Pasta demişken çantadaki pastayı birine vermek istiyorum. Gözüm, her zaman aynı yerde duran çiçekçi kadına gidiyor. Ağzında külü, epey uzamış sigarası dururken eline aldığı nergisleri kurdelelere bağlayıp deste yapıyordu. Önünde kovalara konmuş daha başka rengarenk çiçekler vardı. Yanında ufak bir kız çocuğu, ufak beyazı kararmış plastik bir sandalyenin üstünde papatyalardan birini eline almış olanca gücüyle üfleyerek beyaz yapraklarını etrafa saçıyordu. Çantadaki pastayı çıkarıp çocuğa vermek için çiçekçinin tezgahına gittim. Beni gören yaşlı kadın sigarasını yere attı. “Buyurun, çok güzel nergislerim var haaanım” diyerek beni karşıladı. Gerçekten nergisler çok güzel kokuyorlardı. Bir demet istedim. Bu arada caddede tüm olan bitenden kopuk, çiçeklerle oynayan çocuğa tatlı kutusunu uzattım. Çocuk bana anlamsızca bakarak “Bu ne?” diye sorunca “Çok güzel bir pasta” dedim. Çocuk biraz şımarıkça gülerek aldı. Yaşlı kadına, bana hediye verildiğini ama rejimde olduğumu söyledim. Teşekkür etti. Nergisin yanına birkaç bir şeyler daha koydu. Ben de ona teşekkür ettim.

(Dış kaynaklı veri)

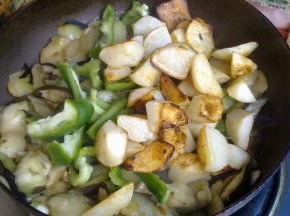 再放入青椒和土豆。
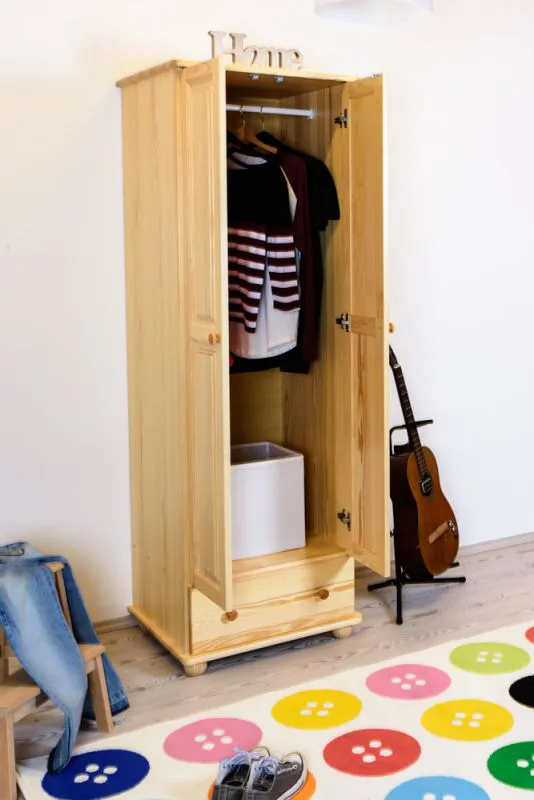 Kleiderschrank 65 cm breit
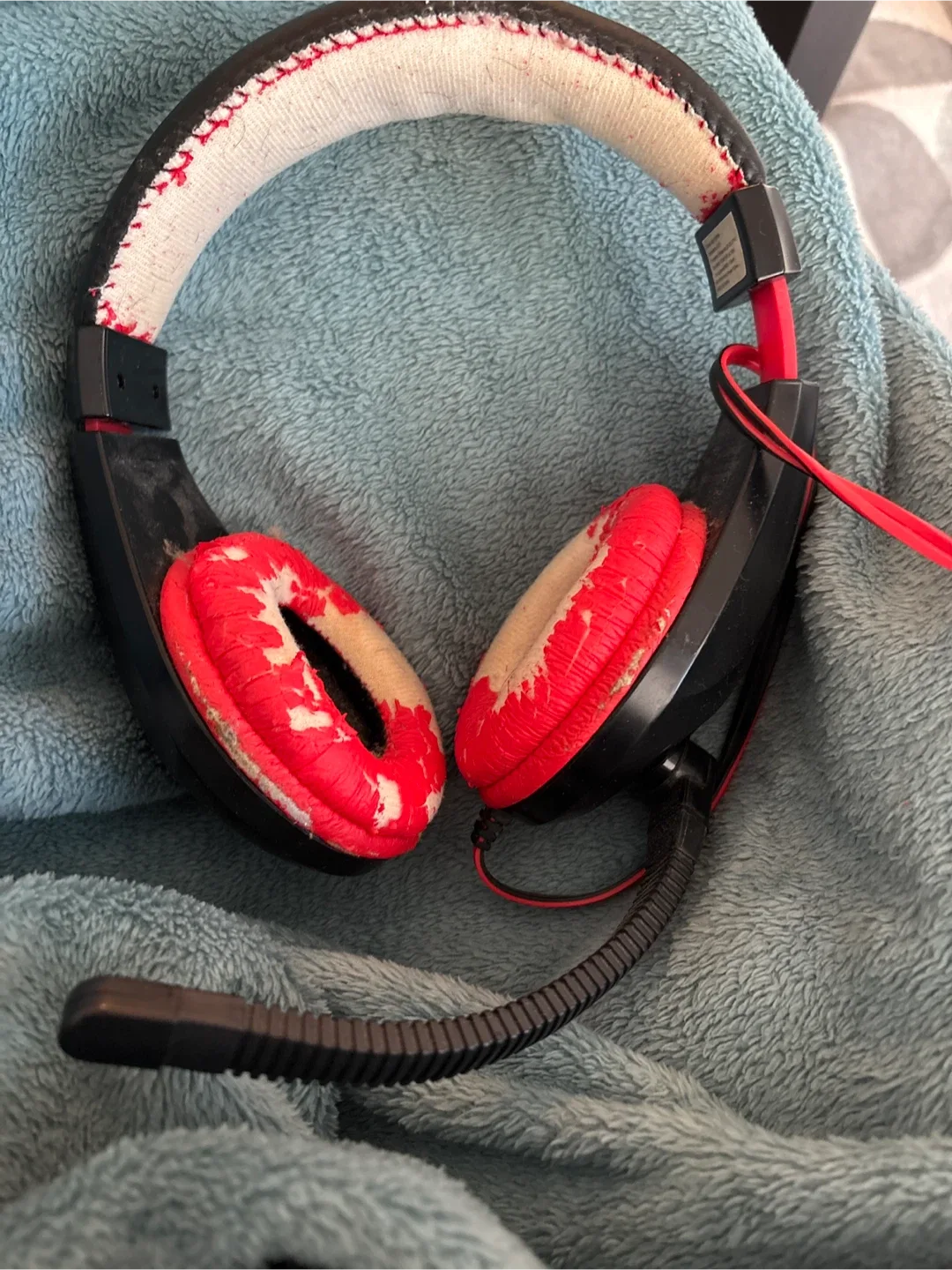 GigaMax Gaming Headset - Used Condition
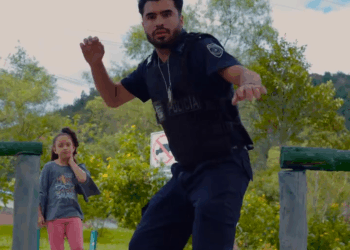 [COMPLETO] 0699H1020 εsta mujεr αbαndono a sus hijos en estε bus e ir para esta con un hombre policíα al finαl el dεscubr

Rotamı evime doğru çevirdim. Kulaklığı takıp müzik dinleyerek yürümek istedim. Bir de ilk çıkan şarkıyı kendime gönderdim. Kulağıma sadece Queen’in “Mamaaa” çığlığı geliyordu.
Nefes alıp, yavaş yavaş nefes vererek caddenin üstünde kimsenin fark etmeden yanından geçtiği kocaman çınar ağaçlarına bakarken yaprakların arasından yüzüne doğru ışığını gönderen güneşi selamla ve teşekkür et. Namaste!